Will I always be questioning if he loves me anymore?

This line, being the single part of the poem that has no rhyme at all, sticks out and not in a good way. Breaking meter is a fantastic way to draw attention and give profound impact to a specific line in a poem; this just leaves me as a reader going..."Meh."

I have a hard time really critiquing work that is meant to be written and read, since what I do is much more performance based, but this is quite cringeworthy.
Title: Re: Do My Uni Work!
Post by: Barmymoo on 29 May 2009, 13:36
I'm also fairly biased towards free verse (or using very, very strict rhyme and rhythm schemes) but I can see the merit in what she's tried to do. I'll agree that she needs to work on getting her lines a little more evenly lengthed. One of the things I do to improve the structure of my poems is read each line aloud and twist it round until it rolls off the tongue and the length is correct. Poetry, in my opinion, is meant to be read aloud. It doesn't matter if it's only ever read in the mind, it is the sound and the feel of the words that matters. That's what makes poetry different from prose.

I'm going to stick my neck out (cliche!) and say that I disagree about the imagery. There are places where I feel she's put in a fairly tired phrase in order to suit the rhyme and that doesn't work, but there is nothing wrong with using phrases that other people have used before if it's to create a particular effect. Very famous quotes from other works (and well-known cliche) can be used as a reference to something else which gives the poem a whole other layer of secondary meaning; I'm not suggesting that she go through her poem and fling in some lines from Yeats and Shakespeare to give it "depth" but just that she considers whether or not a particular phrase is adding anything to the meaning.
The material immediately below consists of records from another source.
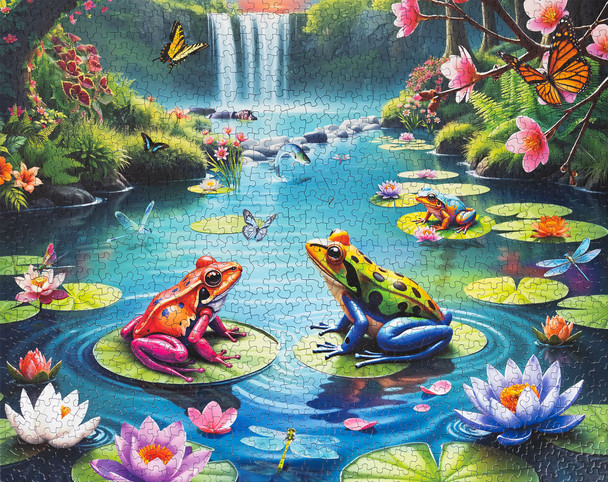 Lily Pond Paradise 1000 Piece Jigsaw Puzzle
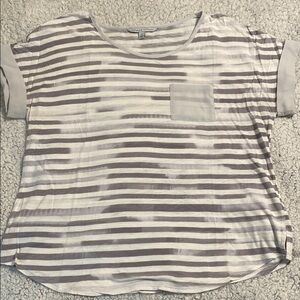 Striped Gray Women's Top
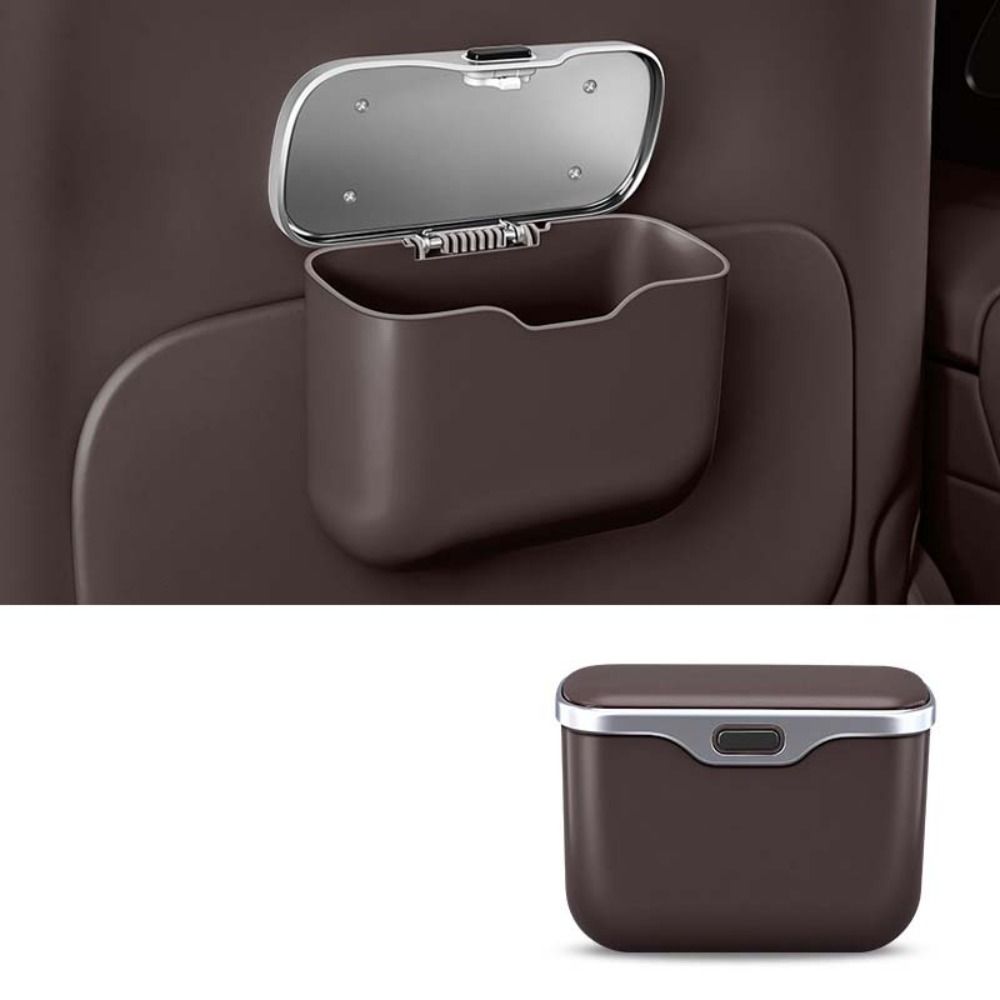 多機能車用ゴミ箱 蓋ボタン付き 漏れ防止 防水 吊り下げ収納 - Waterproof Car Trash Can With Lid のレビューと価格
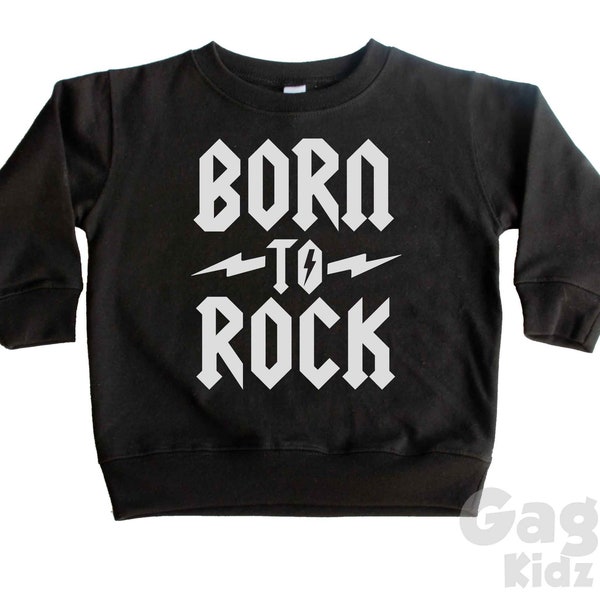 Born To Rock n Roll Kids Sweatshirt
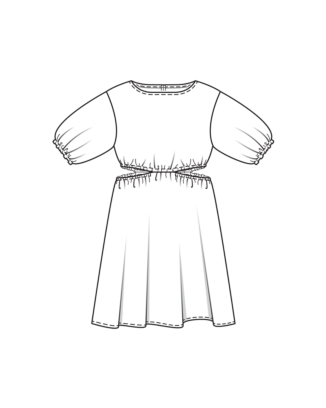 Robe en popeline n°107 | Burda Style 05/24
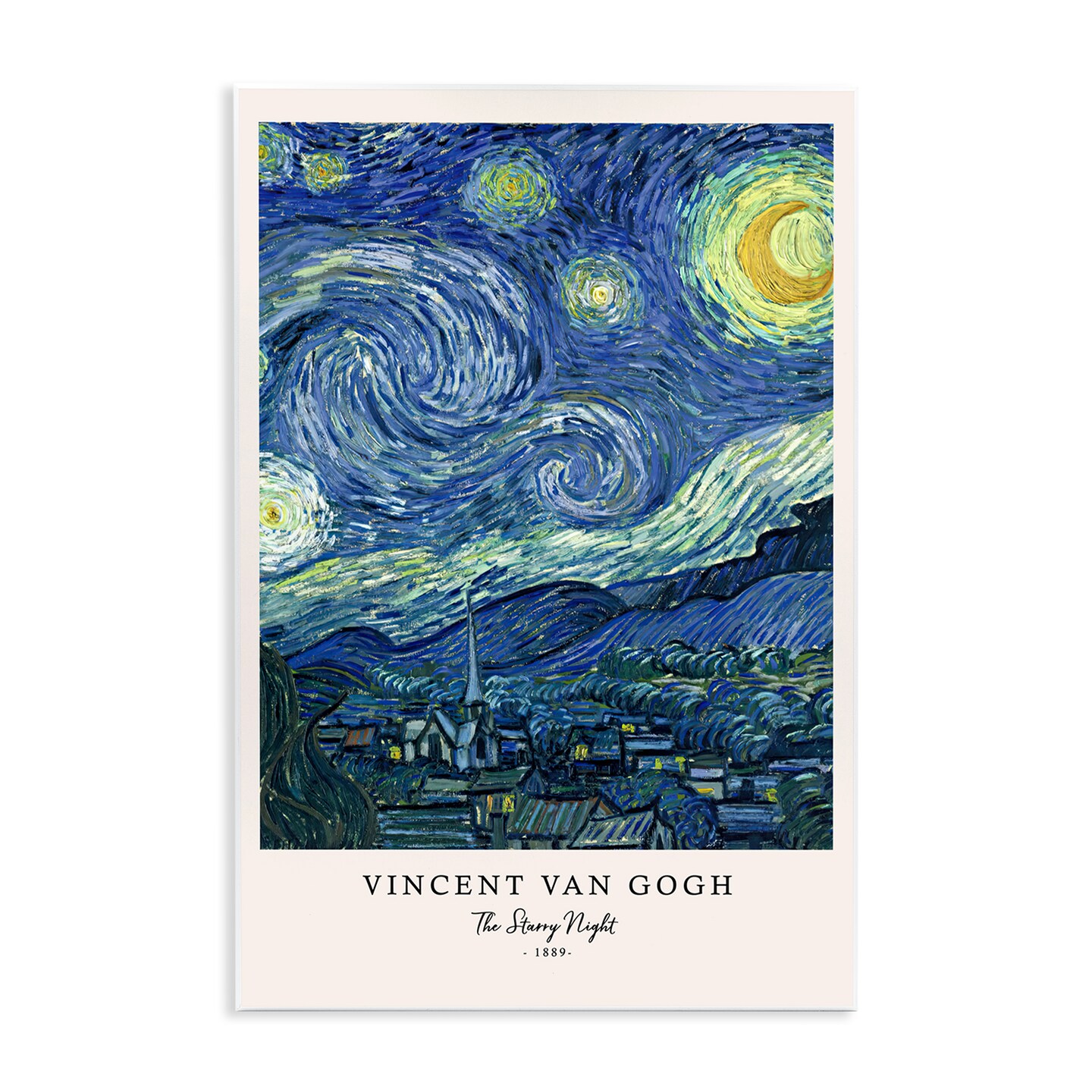Stupell Industries Classic Starry Night Van Gogh Wall Plaque, design by Vintage Hustle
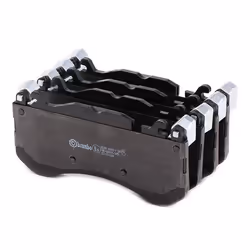 BREMBO P 50 127 Brake pad set incl. wear warning contact with anti-squeak plate without accessories, with counterweights AUDI: A6 C7 Avant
I'd say that she has two options: to stick with the uneven line lengths and dispense with the rhyming, in order to make it free verse (this would involve careful consideration of caesura and endstop) or to keep the rhymes but work on the lengths so that it feels more rigid. With a stronger structure and some trimming of the surplus words I think she would be forgiven for some of the more angsty, slightly hackneyed phrases because it comes from the heart.

(Sorry I'm a little late on this one but I love poetry, I didn't want to pass up a chance to blether on about it for a while!)
Title: Re: Do My Uni Work!
Post by: Eris on 29 May 2009, 17:00
Well in the class she was made to read this poem out loud for the rest of the class. The was she read it sped up a lot of the longer lines, so the beat didn't sound so awkward. She basically continued afterwards to give us entirely too much information about the situation of the poem, and tried to justify not being able to rewrite her poems because "It's covering three issues, so I can't really change what I've done".

My teacher (a poet in her own right), was very diplomatic, saying there was a good skeleton of a poem, it just needed work on how to bring out the stuff about her father or whatever. The girl is a big fan of Sylvia Plath, and apparently you can hear that in some of the lines if you take out some of the superfluous stuff and simplify it. I dunno, I'm not big on poetry.

She's going to fail the class anyway, because she turned up to maybe 3 classes, two of them she had to because of this workshop.
Title: Re: Do My Uni Work!
Post by: Trollstormur on 01 Jun 2009, 10:14
is this your classmate?

(http://web.ukonline.co.uk/winona.ryder/scansr/ryder/BEETLEJUICE-E.JPG)
Title: Re: Do My Uni Work!
Post by: Joseph on 01 Jun 2009, 20:37
The girl is a big fan of Sylvia Plath

Never would have guessed.
Title: Re: Do My Uni Work!
Post by: MrBlu on 01 Jun 2009, 22:16
Well, that certainly is a bunch of words.